Asking your provider the following questions can help you determine if surgery is right for you. Many people find it helpful to take notes or have a family member or friend with them when discussing these questions to help them remember the information their doctors provide.

Ask your doctor:

  • Why do you think surgery is the best treatment?

  • How will the surgery improve my health or quality of life?

  • How long can I safely delay the surgery?

  • What risks are involved?

  • Does my health or age create a higher risk for complications?

  • What's the risk for death with this surgery, in general? For me, considering my age and health?

  • What sort of complications might arise? What are the chances?

  • Could more surgery be necessary?

  • What type of anesthesia will be used?

  • How long will I be in the hospital?

  • What can I expect during recovery?

  • What will my condition be when I go home?

  • When can I resume my normal activities and go back to work?

  • What, if any, limitations will I have after surgery?

Getting a second opinion from another health care provider also can help you make your decision. Having another physician review your case can verify your diagnosis and ensure surgery is preferable to other treatments. In addition, many health insurance companies require a second opinion and may require you to choose a doctor from its list of providers.

Preparing emotionally

Anxiety and fear are normal responses to planned surgery. But having a full understanding of the procedure can reduce your stress and result in a better outcome.

People scheduled for an operation often find it helpful to practice relaxation exercises, such as deep breathing, meditating, and visualizing a positive outcome from surgery and a quick recovery period.

Preparing physically

Preparing physically can increase your chance of a successful surgery and timely recovery.

In the weeks before surgery, you should:

  • Quit smoking if you smoke. If you can't quit, at least cut back on your smoking.

  • Ask your provider if you need to change the schedule and dosage of any medications you take. Be sure your provider knows all the medications you take, including over-the-counter and prescription ones, vitamins, and herbal remedies.

  • Ask your provider if you can maintain your regular exercise routine. If you've been sedentary, ask if starting a gentle walking routine would be beneficial.

  • Avoid alcohol and illegal drugs.

  • Eat a well-balanced diet, including plenty of fruits, vegetables, whole grains, and water.

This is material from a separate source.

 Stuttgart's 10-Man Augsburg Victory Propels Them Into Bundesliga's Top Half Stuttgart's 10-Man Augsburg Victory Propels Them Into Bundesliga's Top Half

  • Avoid aspirin or other aspirin-like medications that interfere with blood clotting, beginning seven days before your surgery. If you take aspirin every day, ask your provider how you should cut back.

Preparing your life

When scheduling surgery, it's important to take into consideration your job and family commitments. If you have children or pets, you'll need to arrange for their care while you're in the hospital. You'll also need to keep your supervisor at work aware of your surgery date and how long you expect to be out of the office, and work with him or her to train someone to cover your responsibilities.